Prof Knight suggested that the NHS needed to radically reorganise itself in order to provide some COVID-free hospitals or environments, where patients are not at risk of infection and can have the confidence that they can get in and be treated, and leave without the disease, compared with other centres which will be COVID-positive hospitals. He envisioned using Nightingale hospitals to bridge the gap when more rigorous infection control measures come in to separate and isolate COVID-positive and COVID-negative patients. He repeated the urgent need for London to double its ITU capacity on a permanent basis. Furthermore, he added, "that we must have a system of health care in this country that means if this ever happened again that we wouldn't have to do this, we wouldn't have to build an intensive care unit in a conference centre, because we had enough capacity under usual operating that we could cope with a surge without having to do that."

Why Can’t Nightingale Hospitals Take Patients From the Care System?

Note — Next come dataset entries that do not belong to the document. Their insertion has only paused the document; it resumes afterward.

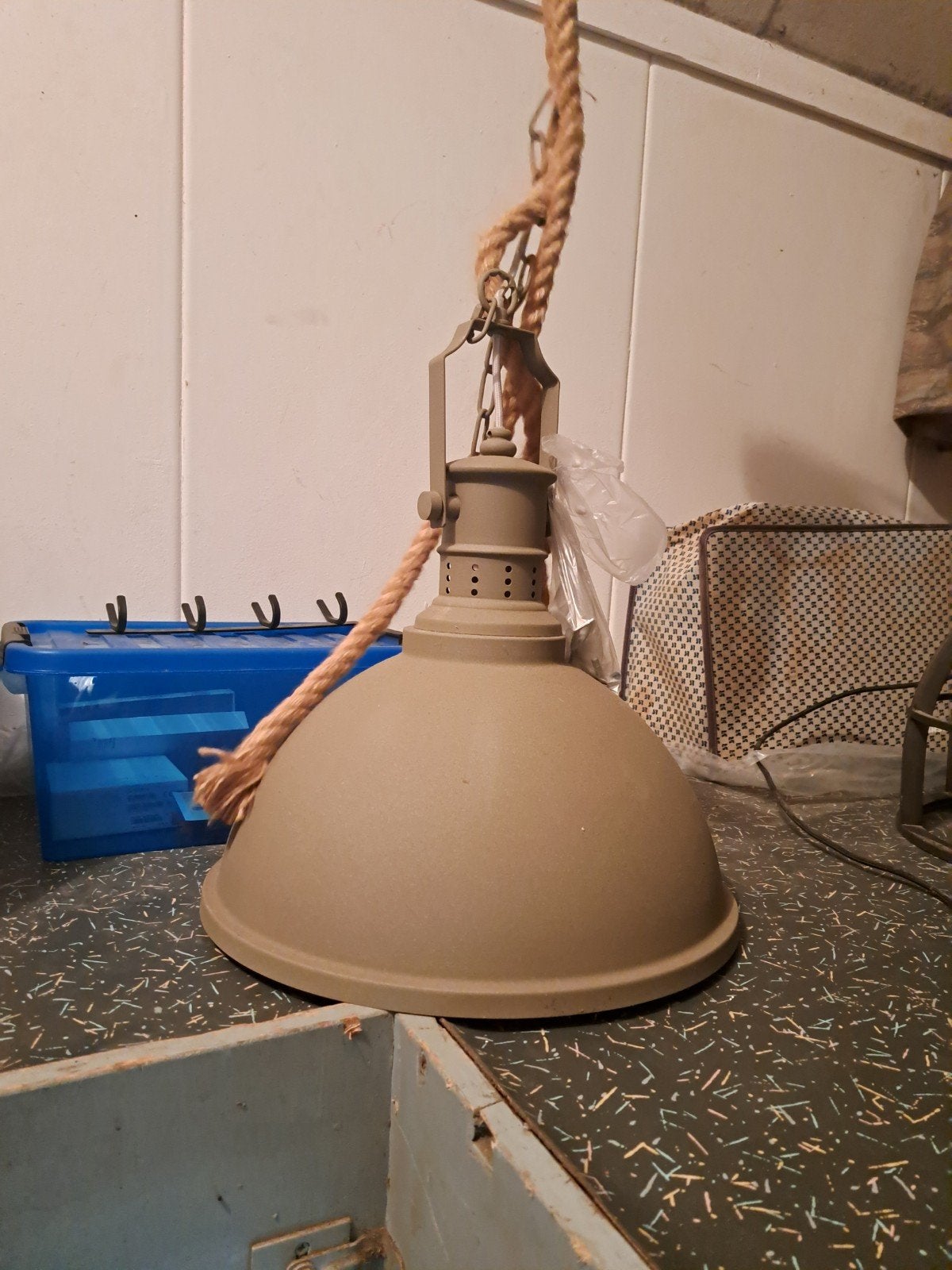 industriele lamp te koop!, Ophalen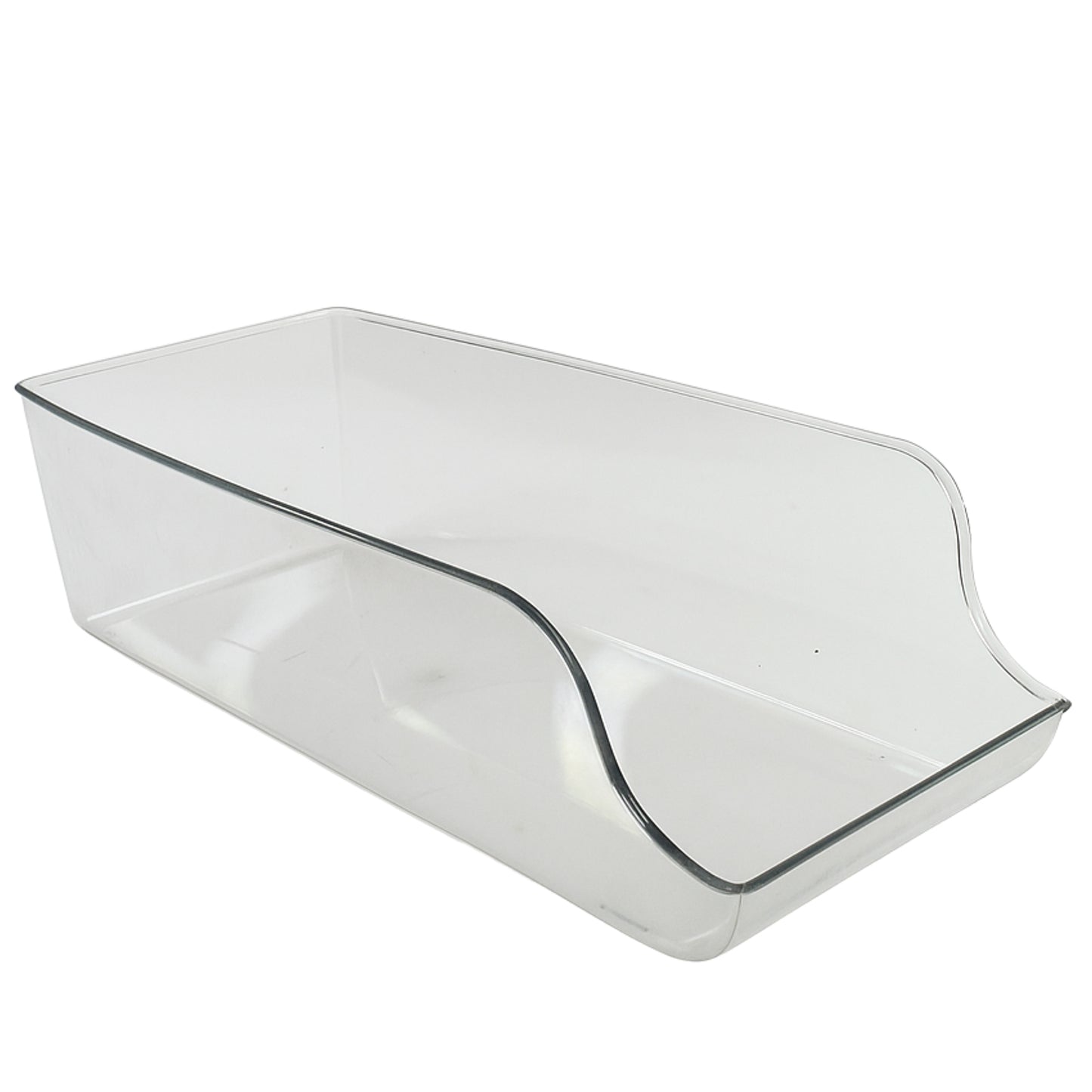 Transparent Plastic Storage Bin Box (35x16cm  1 Pc)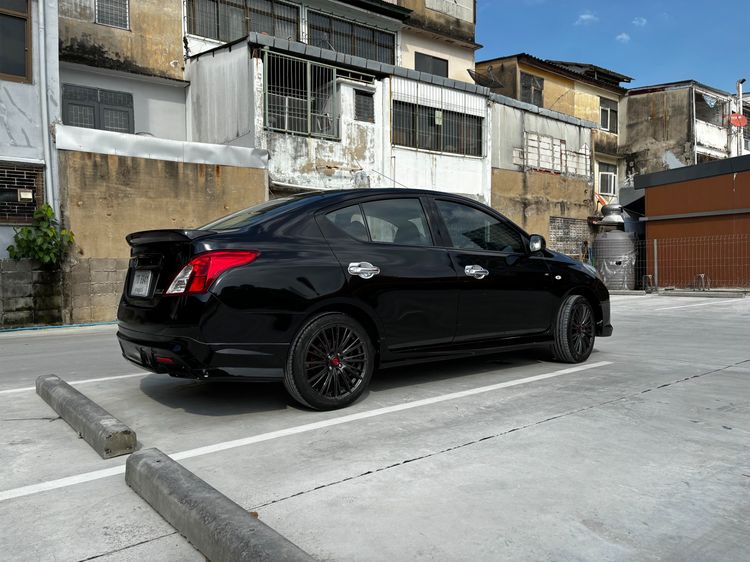 Nissan Almera 2013 1.2 E Sedan เบนซิน ไม่ติดแก๊ส เกียร์อัตโนมัติ ดำ รูปที่ 3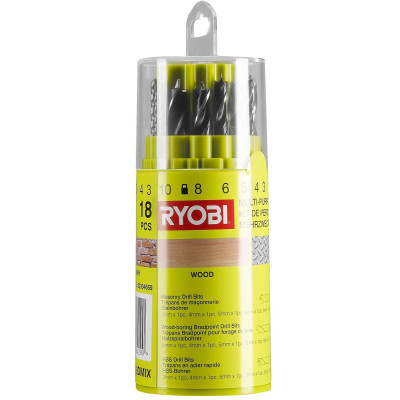 Ryobi Набір з двох акумуляторних інструментів ONE+ R18DDSDS-125T, валіза + оснастка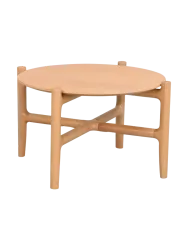 Runder Couch-/Beistelltisch „Holton“ Ø 62 cm - Eiche Natur Rowico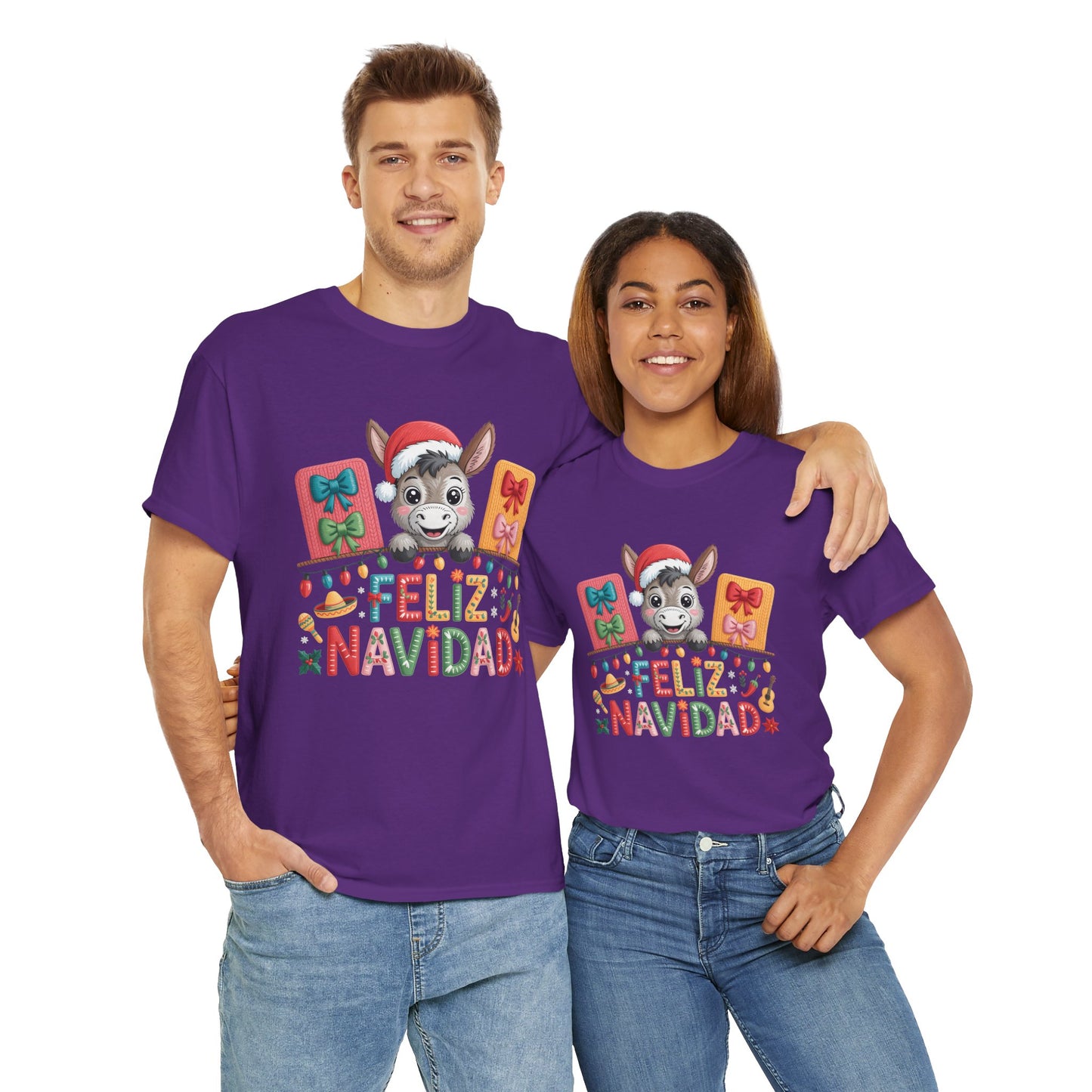 Feliz Navidad Donkey Christmas T-Shirt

Prof Knight defended the stance that ExCel Nightingale was commissioned with a specific purpose and a specific patient in mind, ie, unconscious, ventilated patients, and that they couldn't take direct referrals from the community because the decision on whether to ventilate a patient or not has to be made in the usual manner (from a hospital). The exception to the rule was that they can take patients who are conscious only if they are recovering from COVID. The reason for this he explained was that the ExCel Nightingale was not created as a ‘step down’ facility, though other Nightingales which are created later may be commissioned on this basis as they will benefit from the new modelling which shows that a super surge in ITU requirements may not be required. 

Storing Up Health Problems 

Prof Knight said that understandably the public have become "very averse to going into hospital". He added that there is increasing evidence that people are presenting later with symptoms such as chest pain, which normally they would not have ignored. As a cardiologist this caused him great concern. He stressed that presenting very late meant they were at increased risk of much bigger myocardial infarctions, or even an increased risk of dying at home with a cardiac arrest. 

PPE

Asked whether the ExCel Nightingale staff had sufficient PPE, Prof Knight replied: "For the short-term yes, but do we have vast stocks that would give us comfort..? No. So, it has been a hand-to-mouth existence like every hospital in the NHS, with people scrambling around to get enough supplies to keep staff safe. We're not at a level of a comfort where I have a huge cupboard full of supplies that I can gloat over. No. No it's a matter of taking each day as it comes."

Lessons Learnt

Prof Knight said what was important was to retain the agility to keep learning and to be more adaptable and to respond to situations more quickly than we have in the past. He said that it wasn't just the constructions of the Nightingales that has demonstrated agility, but the whole of the NHS of which he said he is extraordinarily proud to be a part of.